***** Exercise data *****

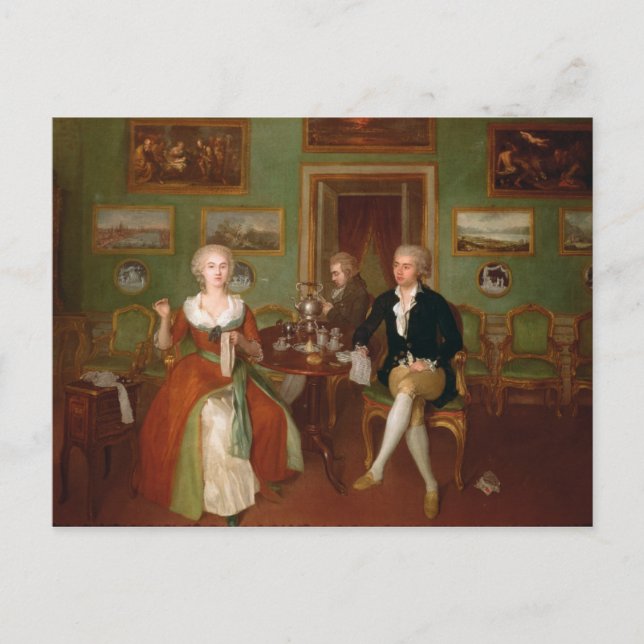 Carte Postale Vue du salon, 1780 (Devant)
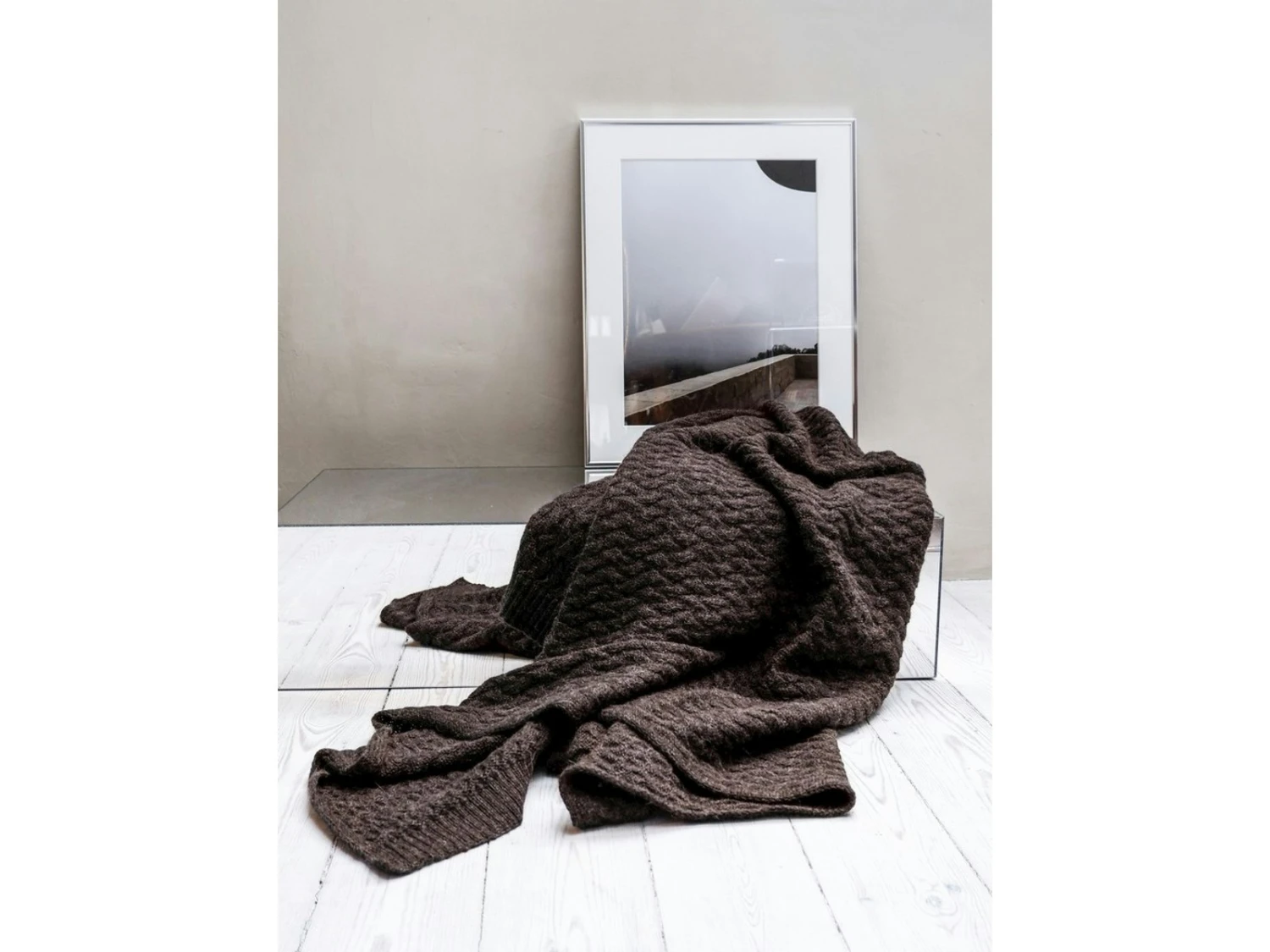 Sailor Decke 130x180 Cm, Braun 2 Sailor Decke 130x180 Cm, Braun – Bild 2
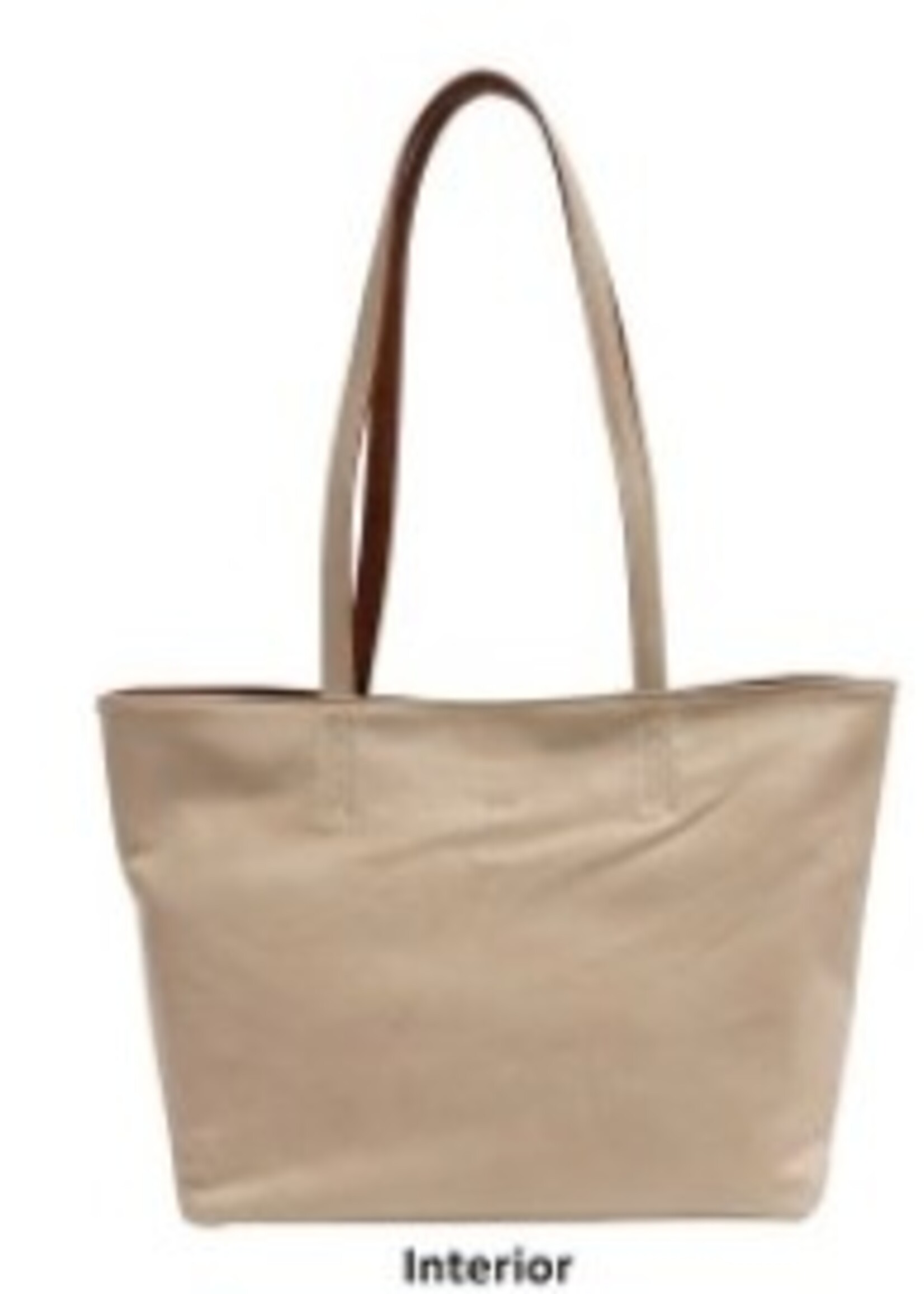 SQ Brooke Two in ONe Reversible Tote * Camel & Almond Milk
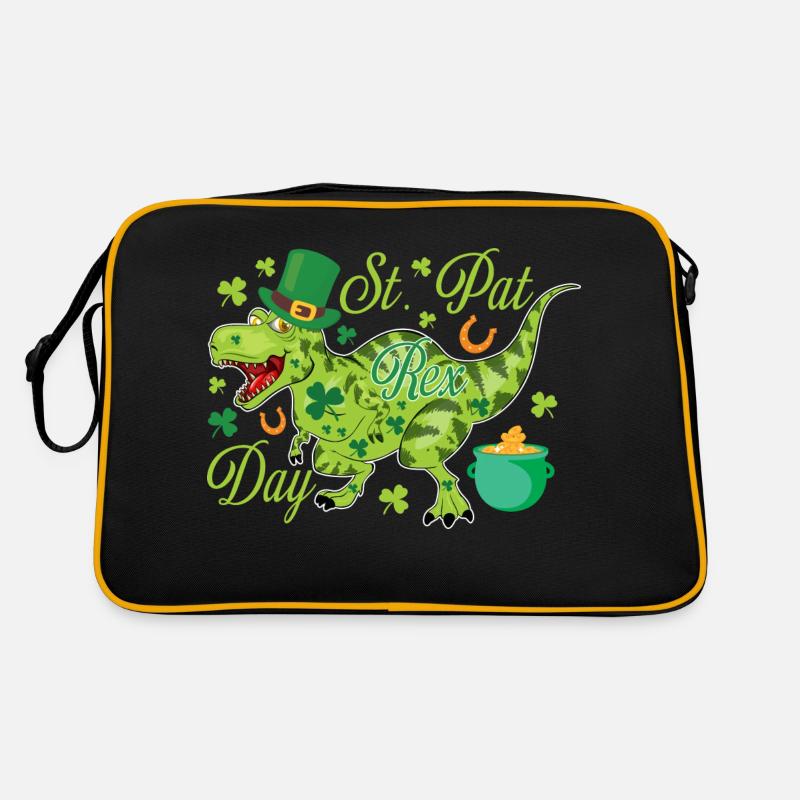 T-Rex de la Saint-Patrick Sac Retro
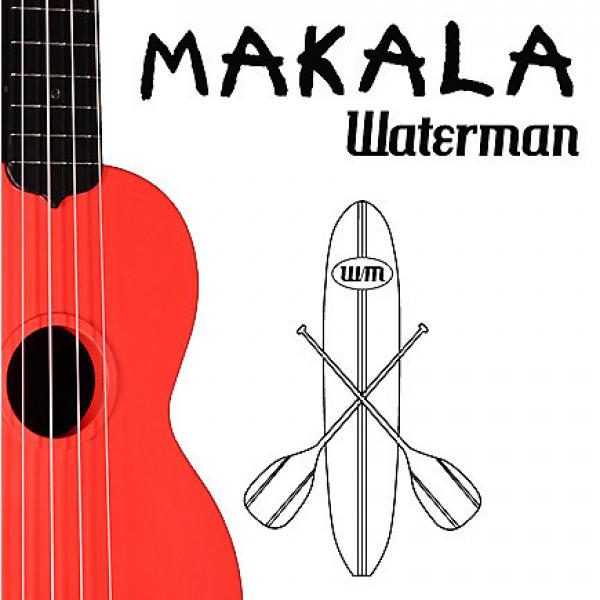 Custom MAKALA WATERMAN SOPRANO UKULELE - Red #1 image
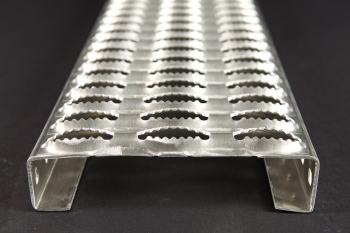 Profilrost Stabil, Stahl roh 6000x180x40x2,5 mm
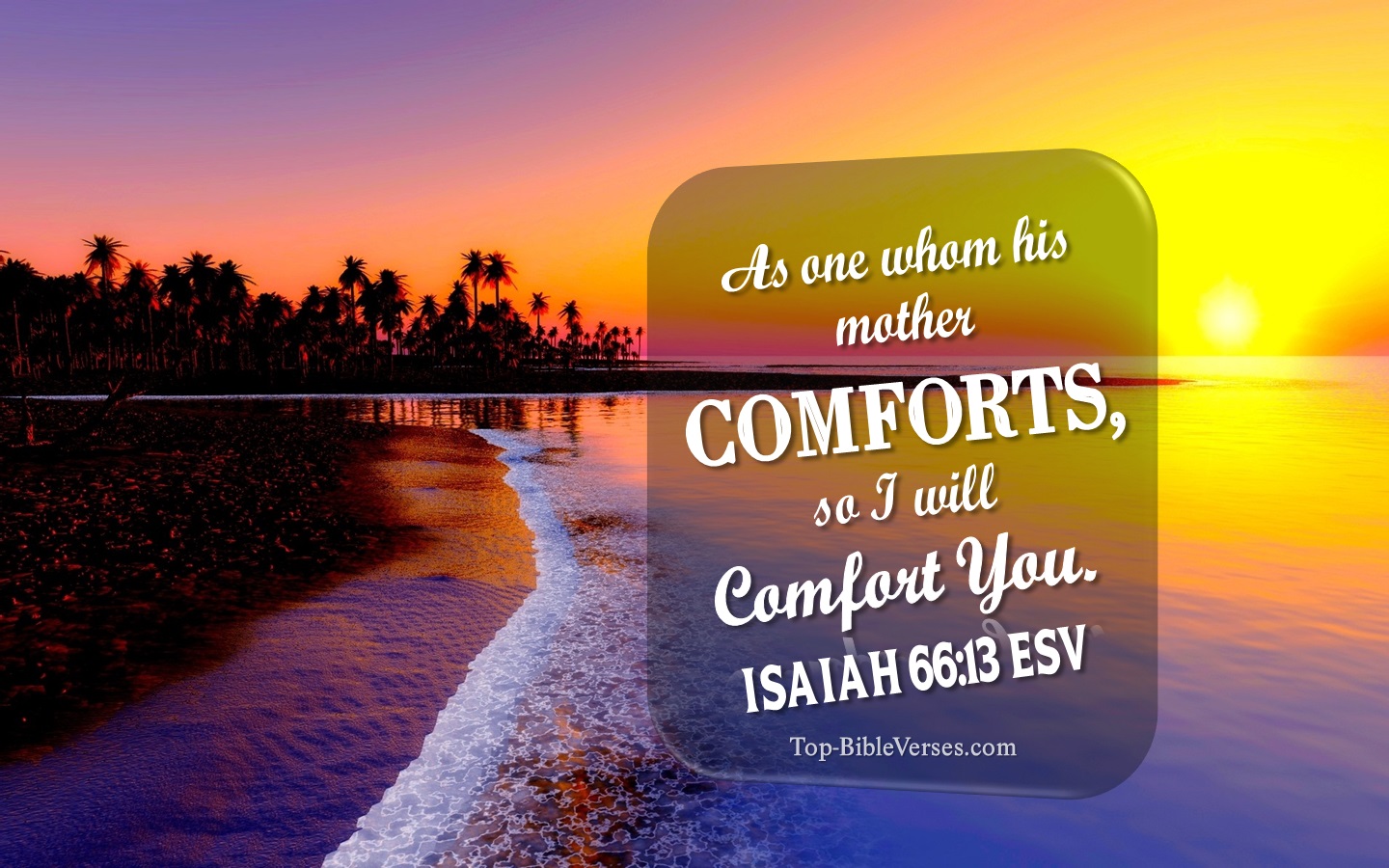 Isaiah 66:13 ESV Christian Bible Verse Desktop Wallpaper. Top-BibleVerses.com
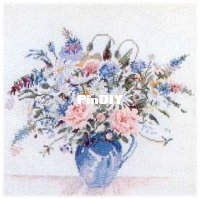 Lan 33878 flowers in blue vase = 35236.jpg
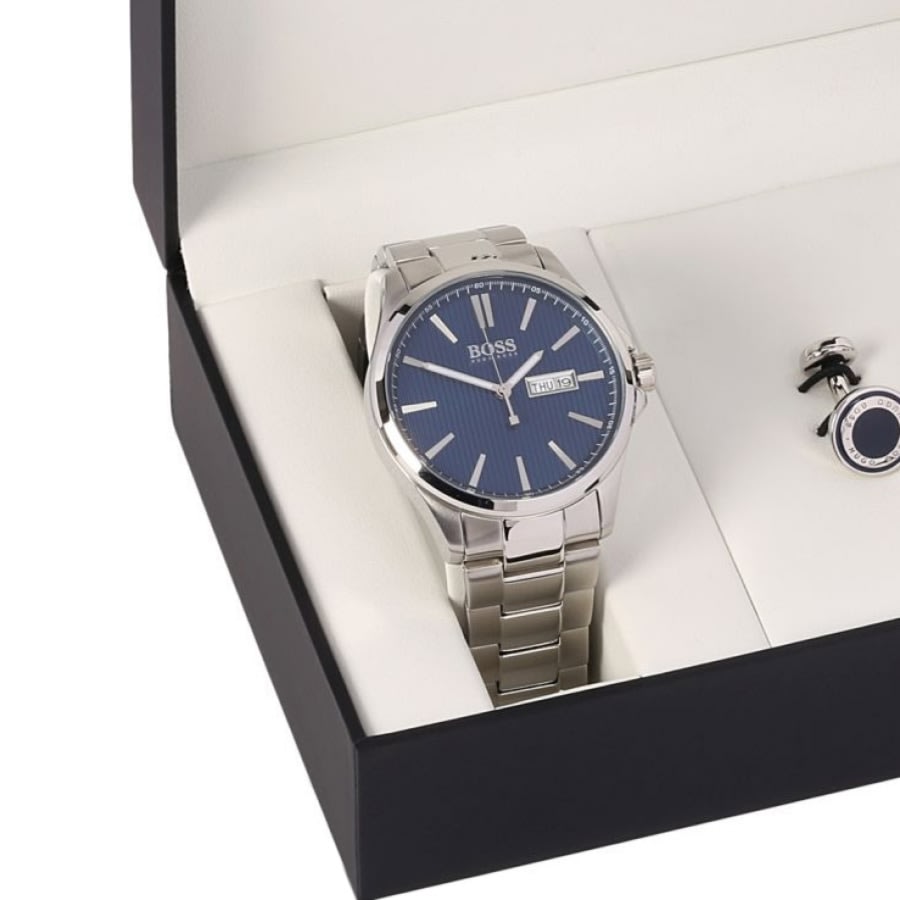 Alternative Image for ProductBOSS HUGO BOSS Watch Cufflinks Gift Set Silver2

*****

■ **To do**: Produce an exact copy of the lines from the line with "Lan 33878 flowers in blue vase = 35236.jpg" through the last line of the data above, both ends included. No pictures belong in it.

■ **Your solution**:
 Lan 33878 flowers in blue vase = 35236.jpg
 Alternative Image for ProductBOSS HUGO BOSS Watch Cufflinks Gift Set Silver2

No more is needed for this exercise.